The body of the vessel is made with Dark Ivory (Vetro), and striped with Khaos. The Khaos looks ivory when applied, after being cooled and reheated many times in the creation of the handles, it looks purple. It comes out of the kiln darker than when it went in.

Notice that the reducing stage appears to have fumed the ivory as the high silver content of the Double Helix has an effect on the ivory glass.

This bumpy bead is Opal Yellow, dotted with ivory, dotted with Psyche, and reduced.

Note the fine black line that formed around the Psyche dots.

And finally, this is a yellow opal base, with stripes of Psyche, raked, and reduced. Note each stripe looks like about 7 different stripes. The Psyche here is a less intense colour (less glass to begin with) and is more greenish.

The Opal Yellow appears to have fumed as well.

I love exploring and playing with these colours!

Friday, May 16, 2008

CIM 645 Heffalump

What a stunningly beautiful colour in the rod. What a b---- to photograph!

Heffalumps and woozles - anyone with kids knows the nightmarish heffalump, a soft purpley-elephantish beast. The rods of glass are a truly beautiful colour, exactly heffalump colour, but photographing them! Oh my! I'm no slouch in the photography department, but the first photo on the right is the best I can get, which is under pure incandescent light and grossly underexposed.

These next pictures (the wrap is EDP) shows how washed out the colour becomes. This glass does NOT show an obvious colour change to the human eye, unlike Alexandrite or the colour shift blue/lavendar of the Moretti colour palette. It is just exhibiting a colour that the CCD of the camera cannot capture.

Overall - a pretty colour, a soft, pale purple but those who make beads for sale online will curse it - as getting a good picture of it will be a challenge.

This last picture is CIM Sapphire over Heffalump. A pretty purple combination - I had to adjust it in Photoshop to get an accurate colour representation though.

CIM 543 Sapphire

CIM Sapphire, a transparent medium blue before heating, comes out of the kiln a much darker blue, and actually, more of a true gemstone sapphire colour, as opposed to the very blue sapphire colour that is usually indicated in the world of commercially made glass beads!

It's a very nice, sophisticated dark blue, with a hint of streakiness to it. Quite a surprise, really. I can see definite uses for this one!

CIM 644 Dusk and CIM 742 Sepia

Dusk and Sepia - sister colours with a secret! These two shocked me, as they are completely not the colour that they are in the rod before being worked!

Dusk and Sepia arrive as light transparent purple rods, Dusk reminding you of warm summer evenings at dark - in that special time I think of as "in between the can and the can't." Sepia just looks misnamed. I grew up with pen and ink drawings. I know what colour sepia is - purple it ain't!

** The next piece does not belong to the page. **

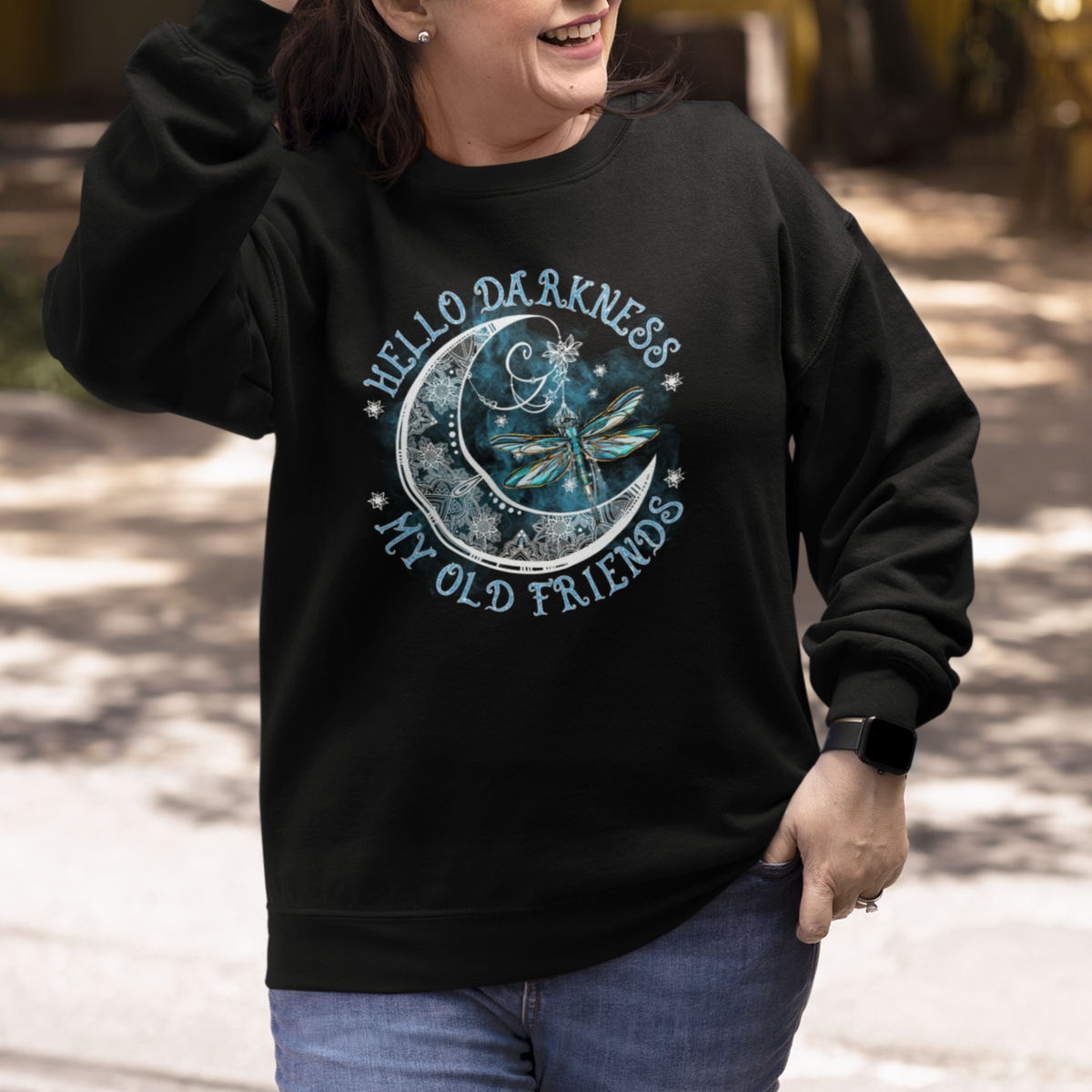 Dragonfly Sweatshirt Hello Darkness My Old Friend Sound Of Silence Moon and Dragonfly Mandala Mystic Peaceful Meditation Shirt for Women, Dragonfly T-shirt, Dragonfly Gift, Insect Lover Shirt - Wonder Print Shop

However! Both colours come out of the kiln a transparent brown! Sepia is well named after all, and Dusk is the inappropriate name, unless we're thinking Dusk in some desert city with a sandstorm coming in!

Dusk is the darker of the two shades, but otherwise, they are very similar. Left, is Dusk over Heffalump (more on that in a bit) and on the right is dusk over ivory.

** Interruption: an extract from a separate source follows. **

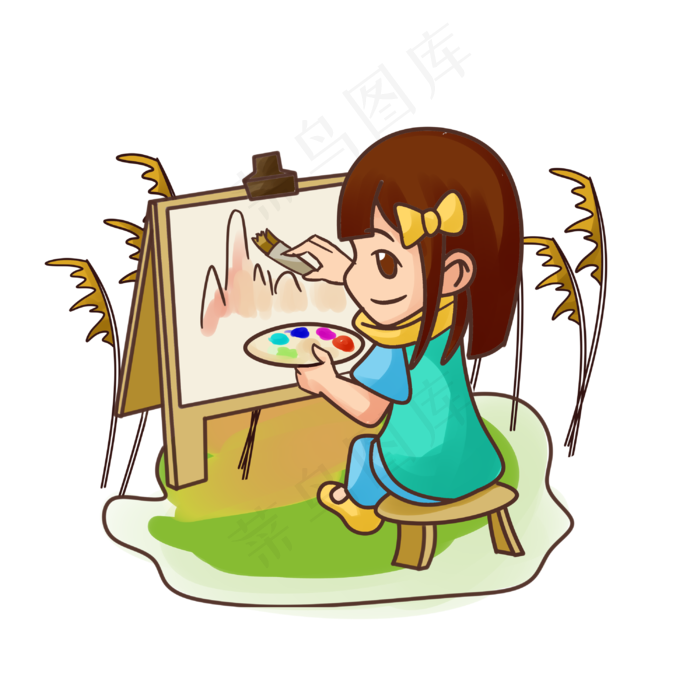 寒露女孩画风景插画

I was quite surprised at the colour change in these two, and I hear that one of them does interesting reactions - although I haven't tracked them down yet.

This vessel is sepia over silver foil, and has produced a nice rich antique gold look, much like the very expensive Moretti Straw colour.

Wednesday, May 14, 2008

CIM 346 Ghee

New colour from CIM - called Ghee. Ghee, as you may know if you indulge in eastern cooking, is clarified butter, and that is exactly what this looks like. Right down to the odd little streakiness that it has. Way cool!

It goes when hot, it turns white, and then strikes back to yellow. It can be struck more or less - the single bead was heated only on one side - so if you do nothing to strike it - it will go a light colour, like the rod, and if you work it longer, it will develop more colour. (Like the lower beads.)

This is a pretty cool colour - despite my not being a fan of yellow in general. I can definitely see a use for this in the earth tone palette and for those that love streaky glass. (That would be moi!)